Short text fragments from websites
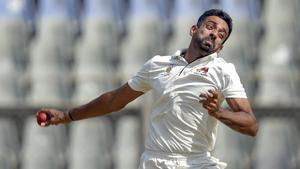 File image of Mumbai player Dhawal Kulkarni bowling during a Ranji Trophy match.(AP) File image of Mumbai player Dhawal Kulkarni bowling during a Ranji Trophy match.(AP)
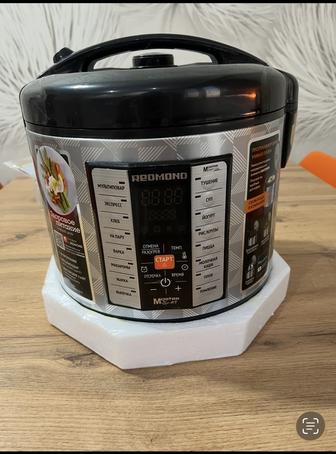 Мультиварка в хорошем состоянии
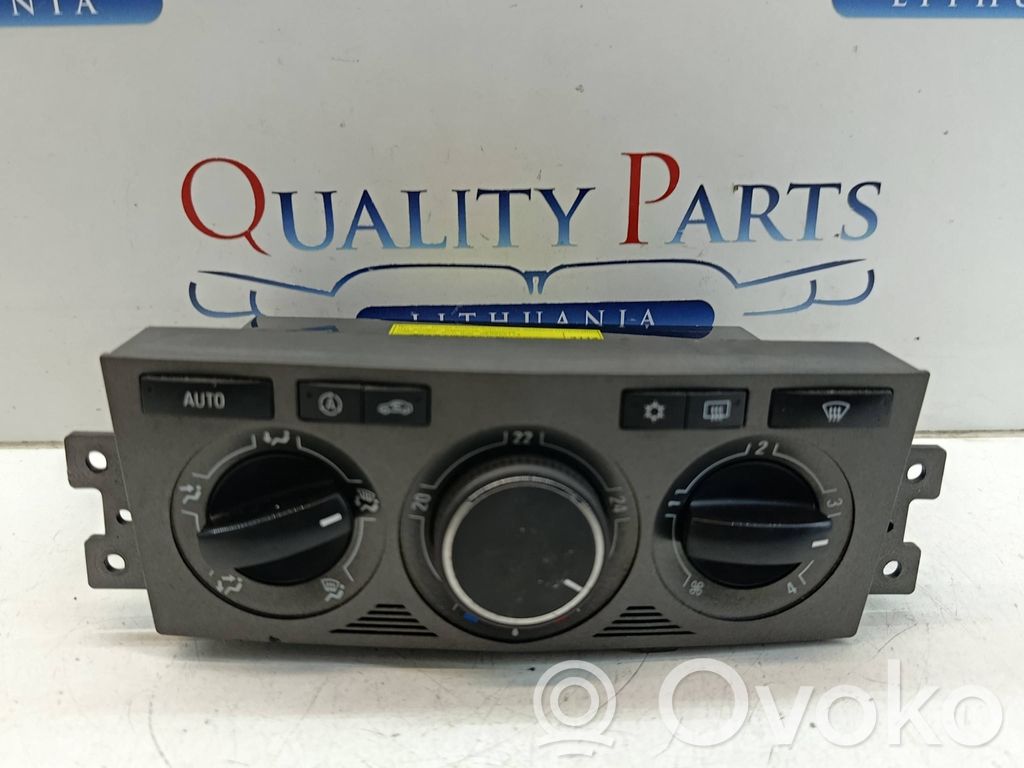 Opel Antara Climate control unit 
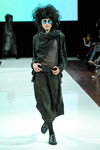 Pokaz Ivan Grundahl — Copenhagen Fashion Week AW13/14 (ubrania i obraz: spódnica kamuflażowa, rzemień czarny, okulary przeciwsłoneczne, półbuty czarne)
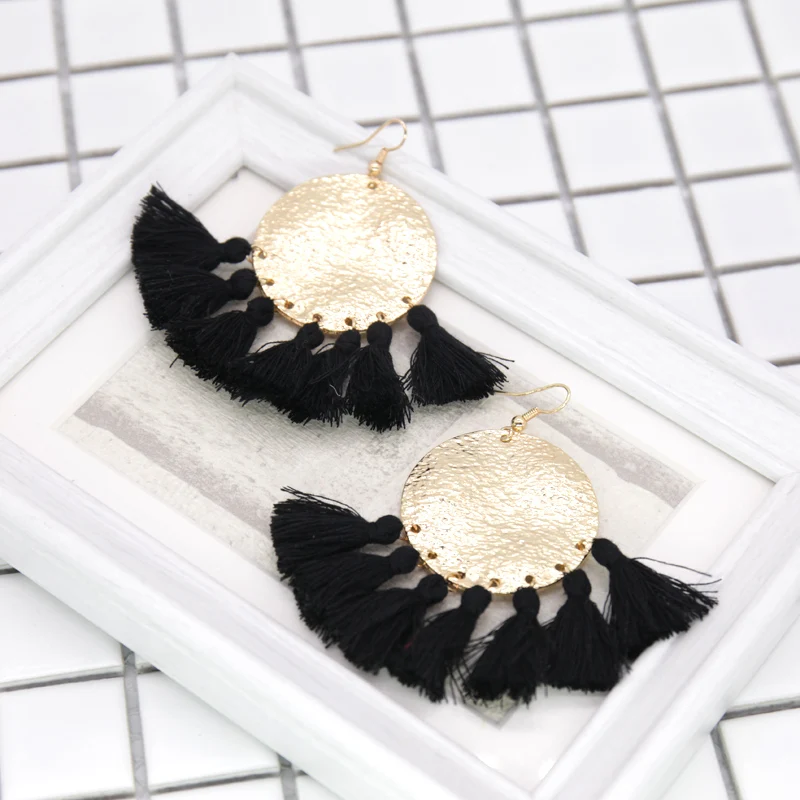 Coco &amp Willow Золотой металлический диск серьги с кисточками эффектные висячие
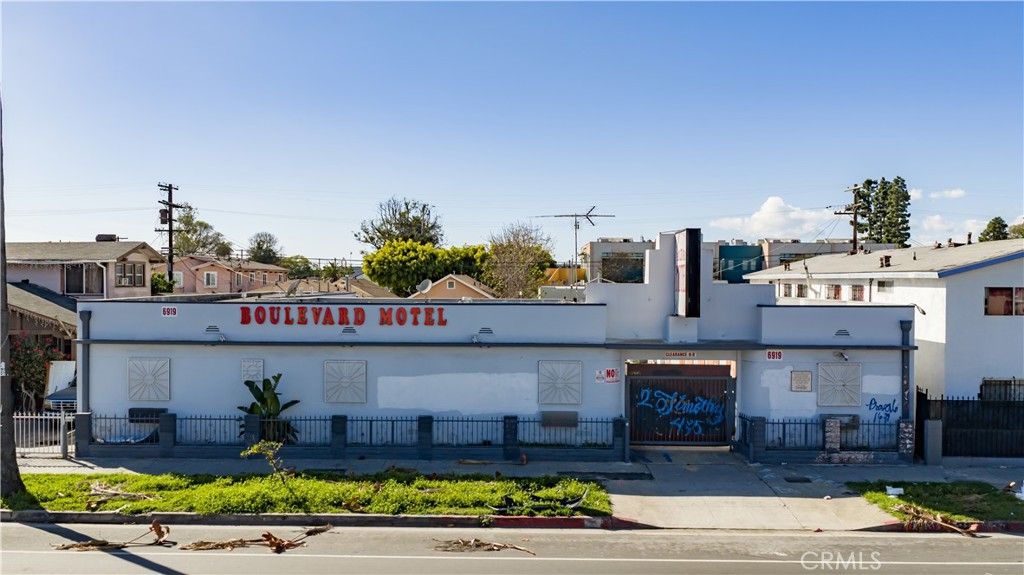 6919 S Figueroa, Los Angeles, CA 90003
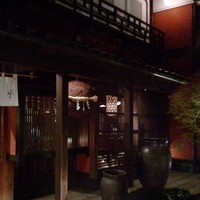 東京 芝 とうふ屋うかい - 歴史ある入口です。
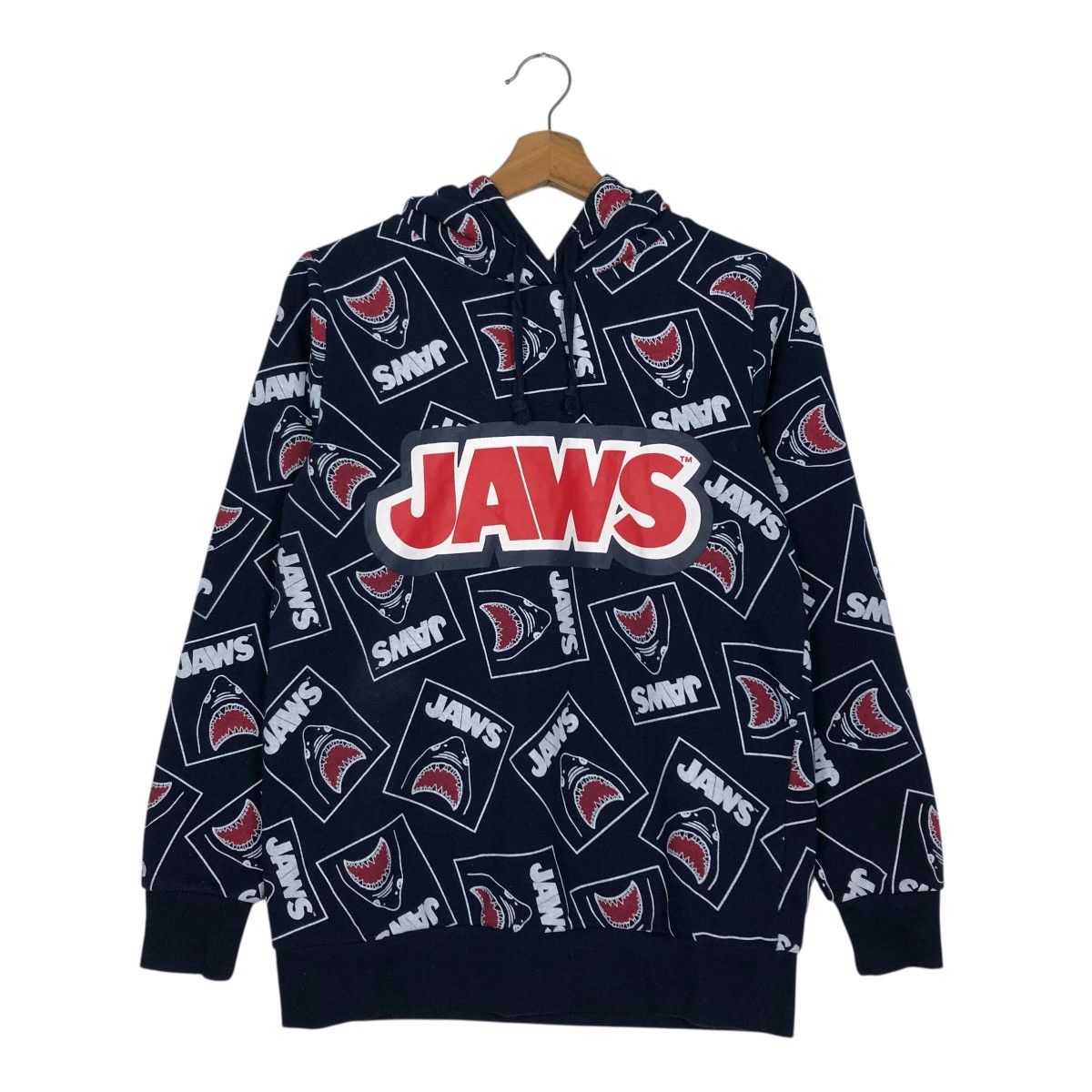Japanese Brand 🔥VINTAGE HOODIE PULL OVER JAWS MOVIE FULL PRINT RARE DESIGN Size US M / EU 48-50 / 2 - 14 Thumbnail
---
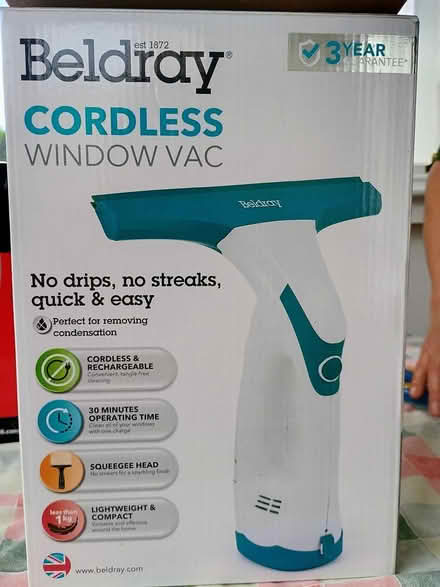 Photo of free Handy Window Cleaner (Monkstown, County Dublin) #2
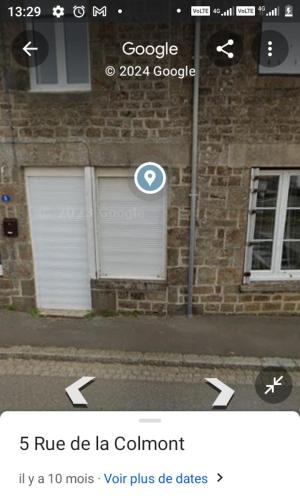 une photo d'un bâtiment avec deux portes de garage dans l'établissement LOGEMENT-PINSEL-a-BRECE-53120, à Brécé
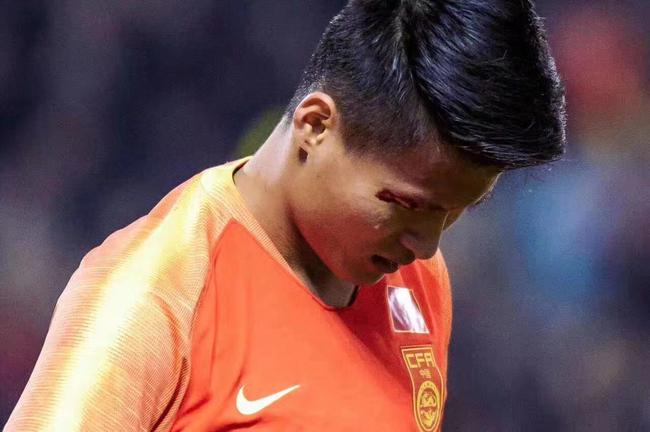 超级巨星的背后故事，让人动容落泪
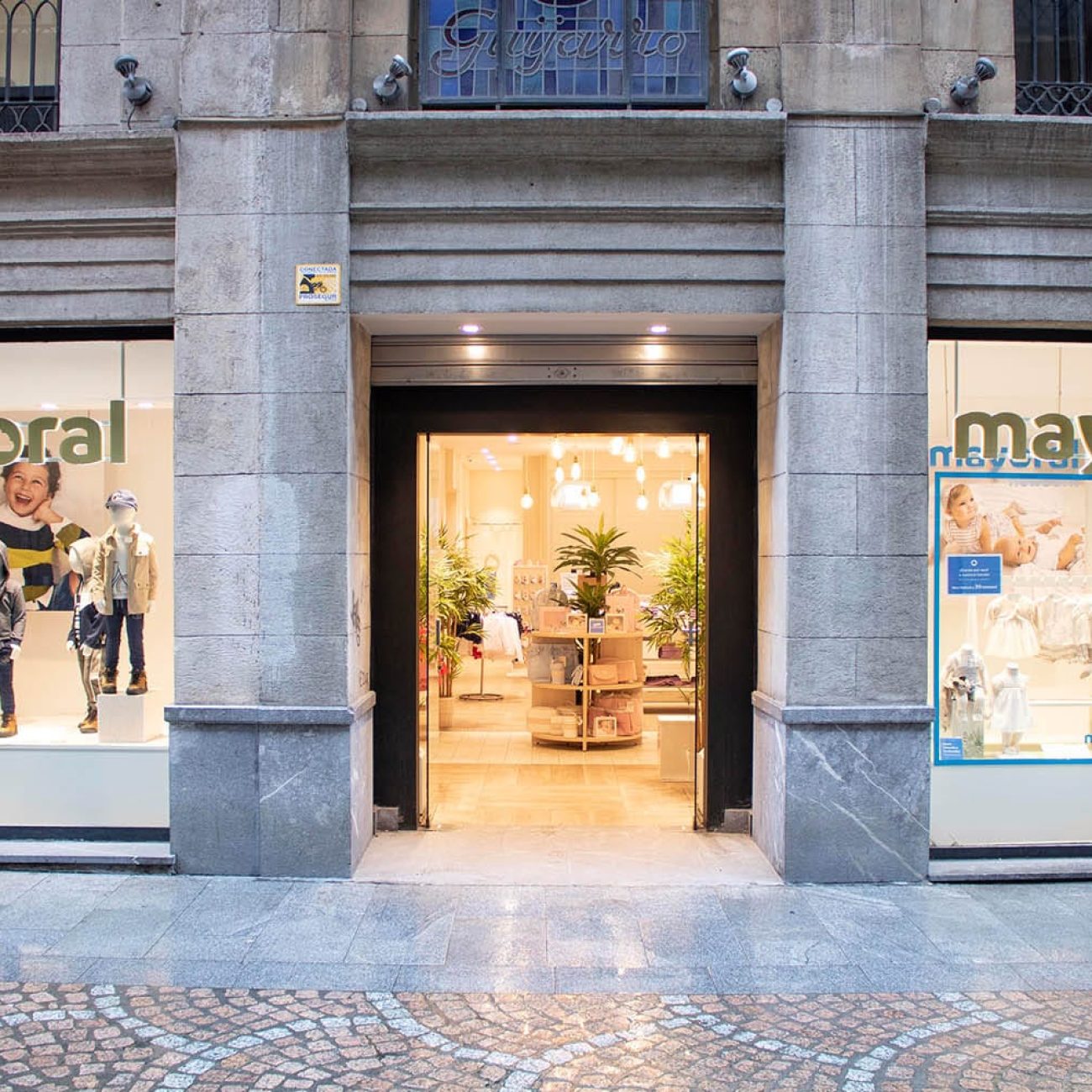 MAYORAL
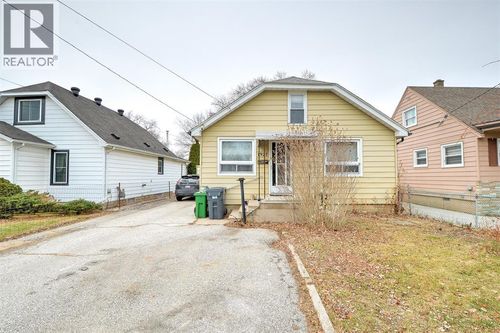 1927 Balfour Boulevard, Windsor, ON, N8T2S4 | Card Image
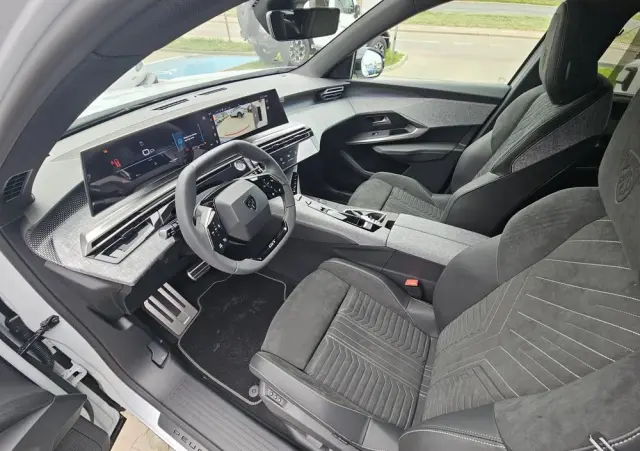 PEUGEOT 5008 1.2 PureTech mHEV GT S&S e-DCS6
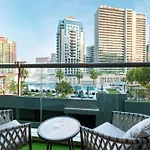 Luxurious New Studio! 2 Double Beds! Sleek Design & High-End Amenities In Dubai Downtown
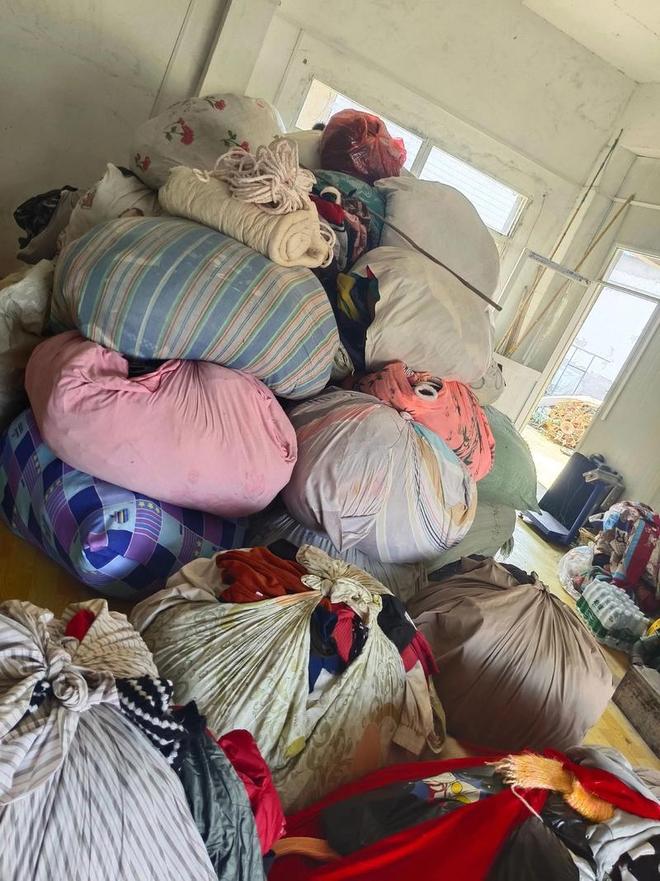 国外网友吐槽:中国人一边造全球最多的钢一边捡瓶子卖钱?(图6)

• **What is expected**
Using the records above, print exactly the run of lines that starts with the line with "Luxurious New Studio!" and goes on through the line with "国外网友吐槽:中国人一边造全球最多的钢一边捡瓶子卖钱?(图6)", pictures excluded.

• **Task result**
 Luxurious New Studio! 2 Double Beds! Sleek Design & High-End Amenities In Dubai Downtown
 国外网友吐槽:中国人一边造全球最多的钢一边捡瓶子卖钱?(图6)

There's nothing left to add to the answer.